- [Input]:

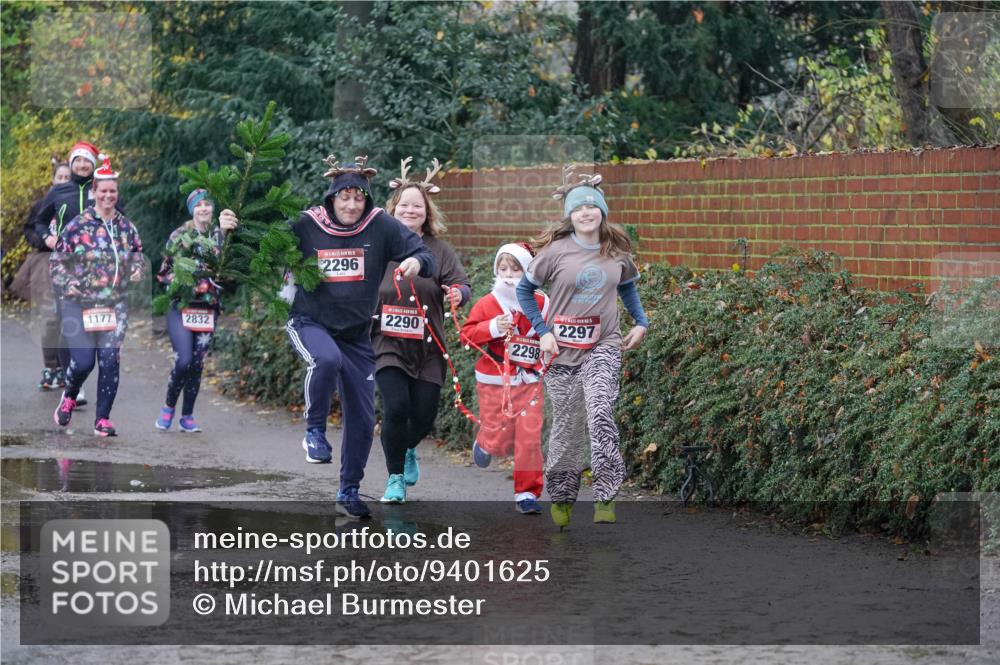 07.12.2025 - St. Pauli X-Mass-Run No. 15 Michael Burmester http://msf.ph/oto/9401625 07.12.2025 10:27:28 Laufen 1177, 2832, 2296, 2290, 2298, 2297 meine-sportfotos.de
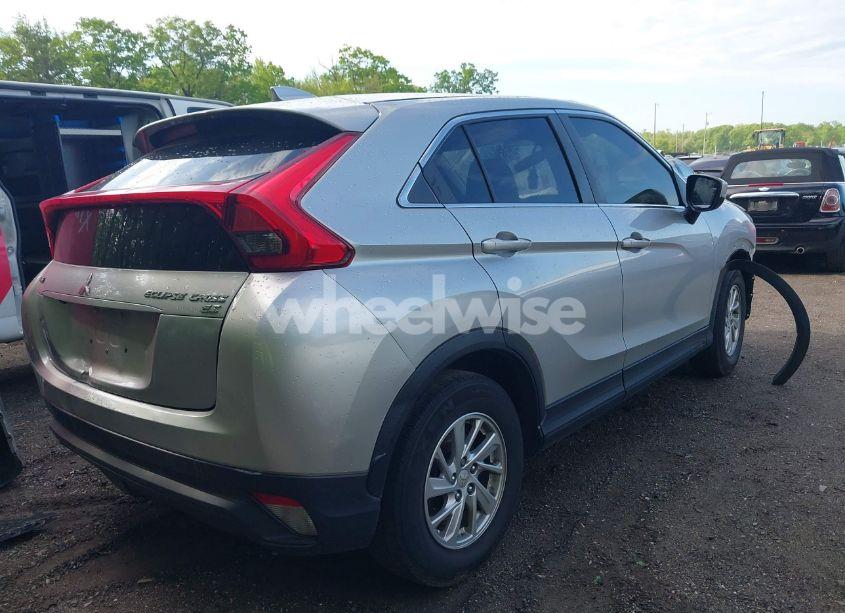 Photo 4 of 2019 Mitsubishi Eclipse CROSS ES (VIN JA4AS3AAXKZ049738)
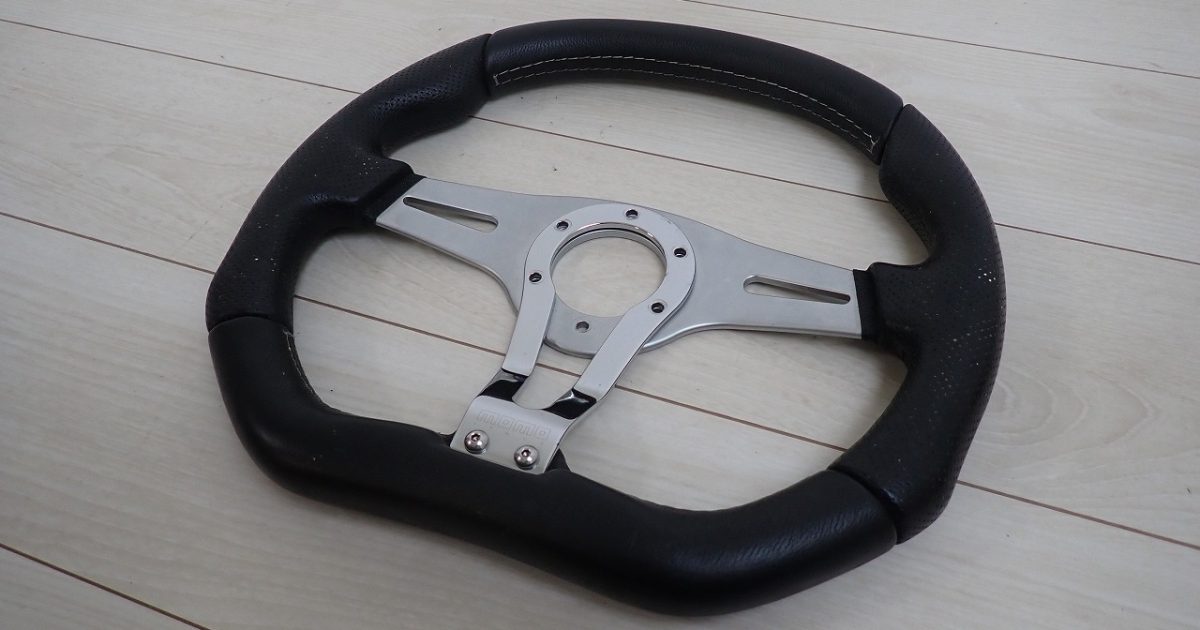 モモステアリング TYP R35-KBA 70259 momo 35cm MOMO TYPE R35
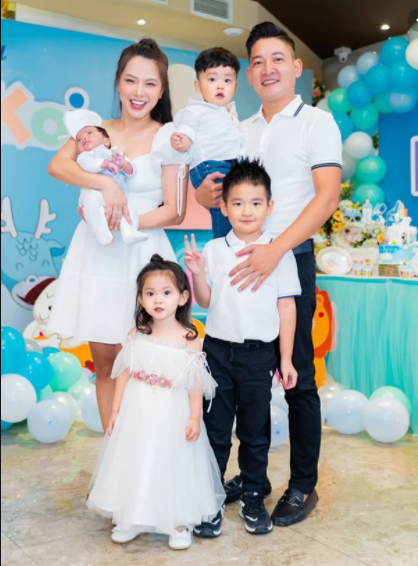 Vợ chồng Hải Băng hạnh phúc bên các con.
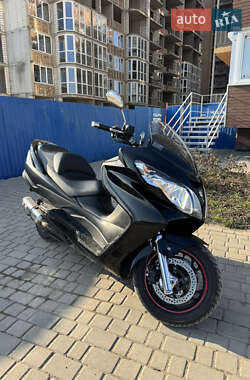 Макси-скутер Suzuki Skywave 400 2008 в Одессе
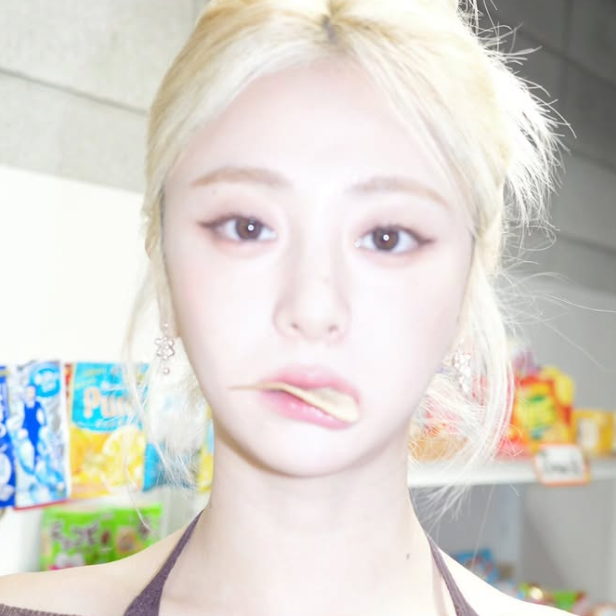 Huh Yunjin gallery image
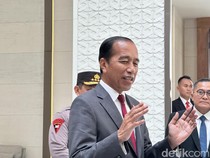 Jawaban Santai Jokowi Respons Kabar Mau Sidang Kabinet di IKN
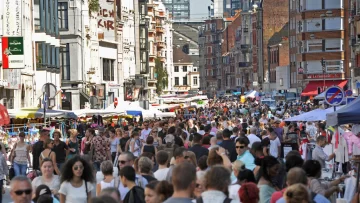 Braderie de Lille este fin de semana, la cual atrae cada año entre dos y tres millones de personas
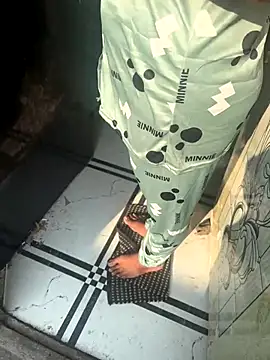 xyztopbeing online show from 12.01.25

- [Exercise directions]: Images aside, return each entry above precisely as it stands.

- [Completed exercise]:
 07.12.2025 - St. Pauli X-Mass-Run No. 15 Michael Burmester http://msf.ph/oto/9401625 07.12.2025 10:27:28 Laufen 1177, 2832, 2296, 2290, 2298, 2297 meine-sportfotos.de
 Photo 4 of 2019 Mitsubishi Eclipse CROSS ES (VIN JA4AS3AAXKZ049738)
 モモステアリング TYP R35-KBA 70259 momo 35cm MOMO TYPE R35
 Vợ chồng Hải Băng hạnh phúc bên các con.
 Макси-скутер Suzuki Skywave 400 2008 в Одессе
 Huh Yunjin gallery image
 Jawaban Santai Jokowi Respons Kabar Mau Sidang Kabinet di IKN
 Braderie de Lille este fin de semana, la cual atrae cada año entre dos y tres millones de personas
 xyztopbeing online show from 12.01.25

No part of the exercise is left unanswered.